Prepare the soil well. “This step is must do,” says Marriott. Good soil preparation is absolutely crucial to success in growing robust healthy rose bushes. Roses love plenty of organic matter mixed into the soil to a depth of about 18-inches. Amend the soil for the planting hole with organic matter, either aged garden compost, well-rotted manure or bagged compost from the garden center.
Position correctly for local conditions. Most roses are sold as grafted plants with a featured rose variety grafted onto the roots of an exceptionally hardy rootstock, most often that of Rosa ‘Dr. Huey’. When planting, the fat joint where the stem meets the roots should be positioned at the soil surface (in warmer areas) or two to three inches below surface (in zones colder than USDA zone 6). For those who choose roses labeled “own root” (a good option for coldest areas), position the juncture of the main stem and roots at ground level.
Fill in the soil.

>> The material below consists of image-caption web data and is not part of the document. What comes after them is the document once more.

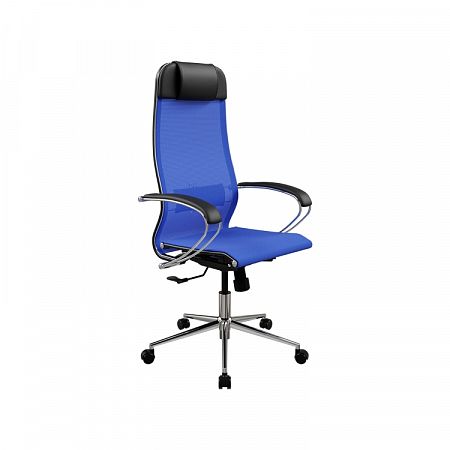 Кресло офисное ErgoLife Set 12 (подл.131/осн.Synchro 052) (Сетка)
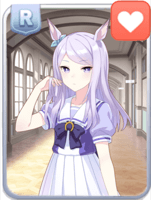 Mejiro McQueen (Tracen Academy)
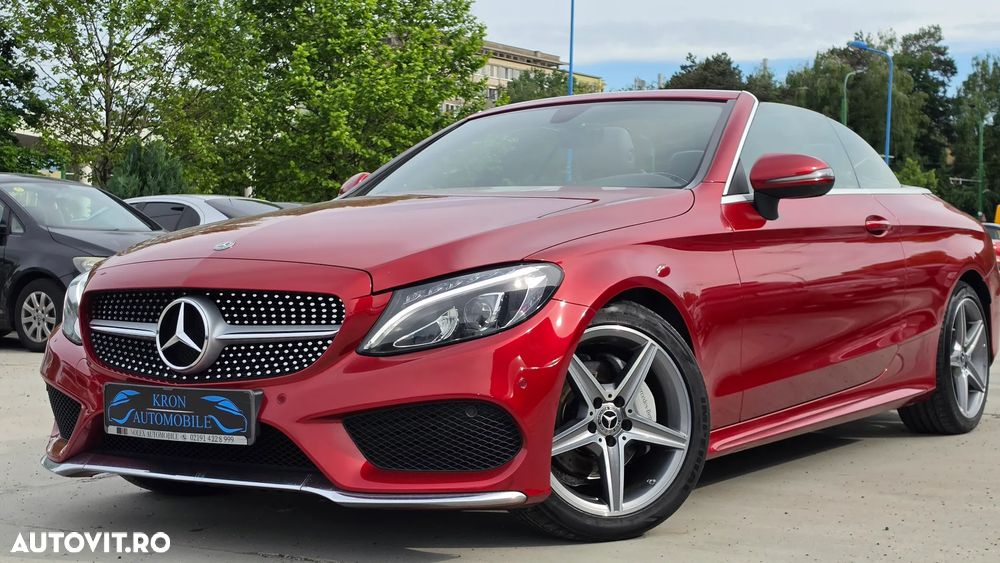 Mercedes-Benz C 220 d 9G-TRONIC AMG Line - 2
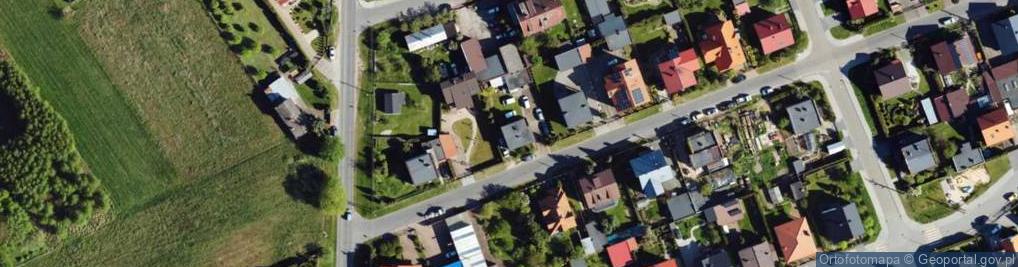 Zdjęcie satelitarne Andrzej Drytkiewicz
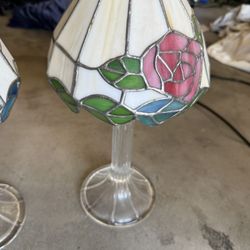 Matching Candle Holders 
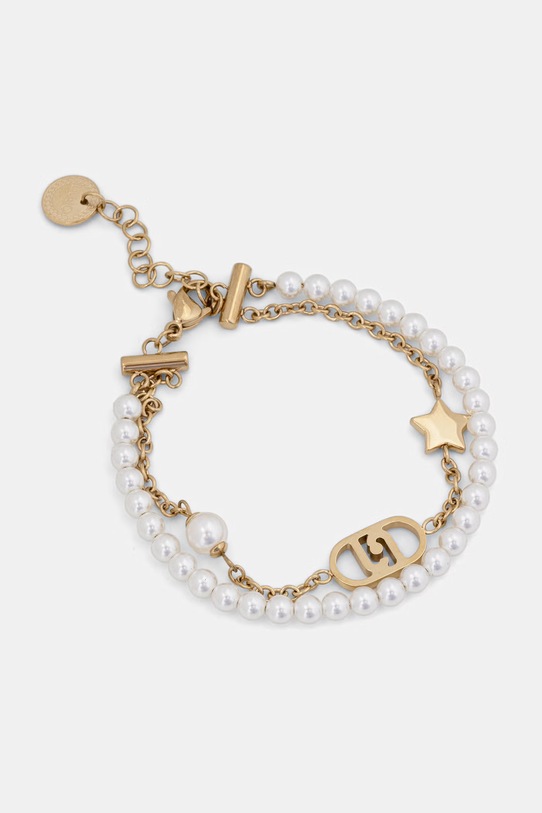 Liu Jo náramok dámsky zlatá LJ3166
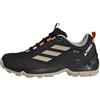 adidas Donna Terrex Eastrail GORE-TEX Hiking Shoes, core black/wonder beige/semi impact orange, 36 2/3 EU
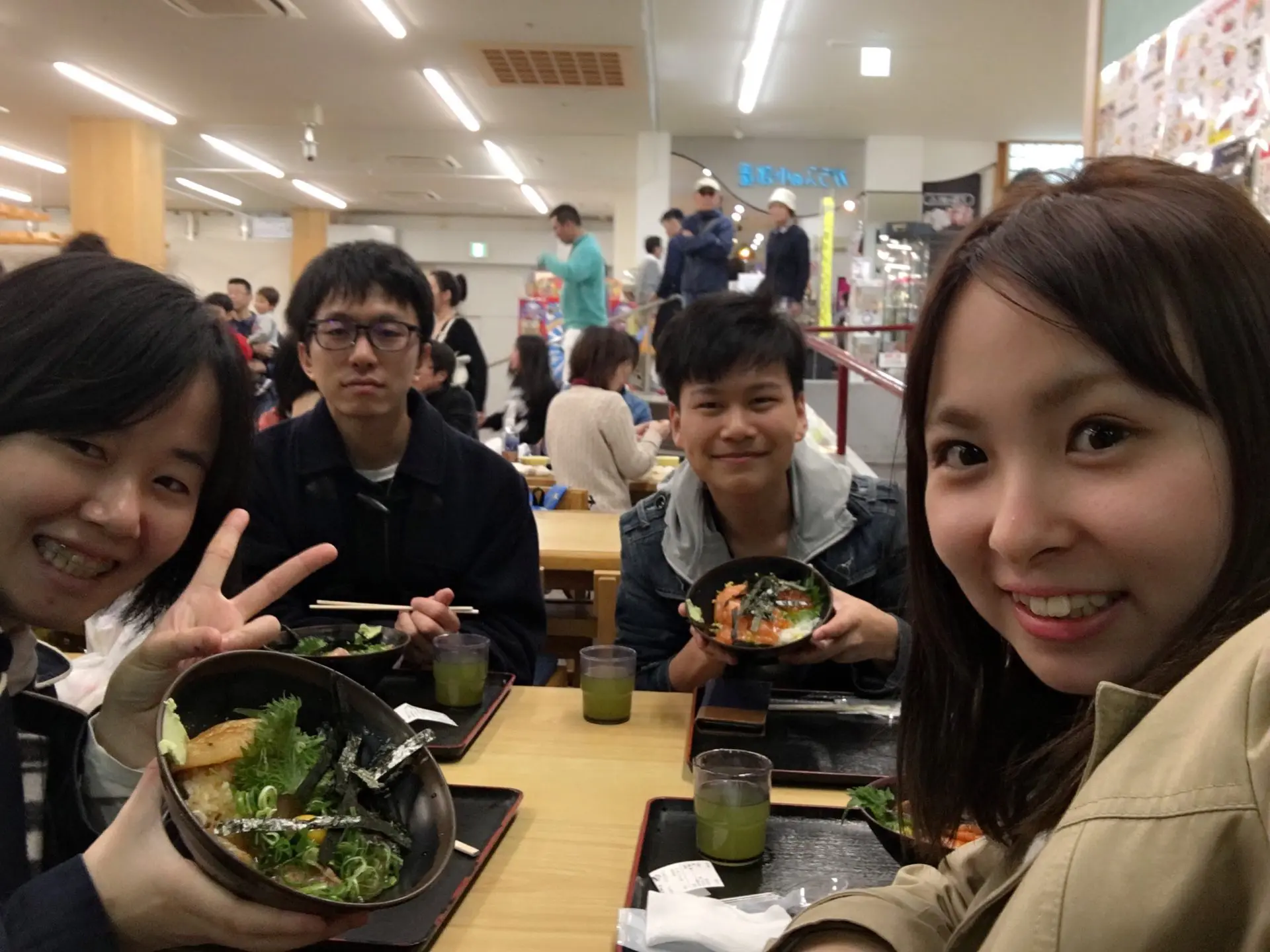 とれとれ市場の魅力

Marriott insists that you can forget that old “mound of soil” planting routine. Instead, position the rose in the hole then backfill with the amended soil mix by gently pushing the soil firmly around and in between the roots. The key, he says, is to “refill the hole, working the soil between the roots with your hands to create root-to-soil contact and eliminate any air pockets.”
Spread mulch. Immediately after planting, top the garden bed with a three-inch layer of mulch. This will add nutrients over time, keep the soil cool and help retain soil moisture while roots get established and throughout the growing season. Ideally, use the same kind of compost you mixed into the planting hole as mulch. Refresh mulch each spring.
Feed each year. Repeat-flowering English Roses pump out blooms from early summer till frost, and that takes energy! Roses grow stronger and bloom more abundantly when properly fed. For ease and on-going feeding, apply a high-quality, time-release fertilizer annually. Choose a fertilizer suited both to roses and to your climate. Follow product directions, taking care to scatter the product evenly.
Water well. Roses are thirsty by nature and benefit from regular deep watering that reaches the roots. Water well when first planted. (But don’t overdo it and drown the plants! Roots cannot properly grow in super-saturated muck). Once growth commences, water regularly. Depending upon rainfall in your area, it is recommended to water roses at least once a week.
Protect over winter. When winter looms in colder areas, USDA zones 5 and below, add four or more inches of organic matter around the base of each rose to provide winter protection.
Consider the three’s company approach. One last tip from Marriott: If one rose bush is lovely, three is often more so, especially in larger roomier gardens. “We recommend planting English Roses of the same variety in groups of three, positioned in a triangle. In cooler areas, space each bush about 18- or 20-inches apart. In warmer areas, space them 24-inches apart.” Planting them like this allows the three bushes to knit together to create one very full, lush planting. “It’s definitely a look I love for English Roses,” he says.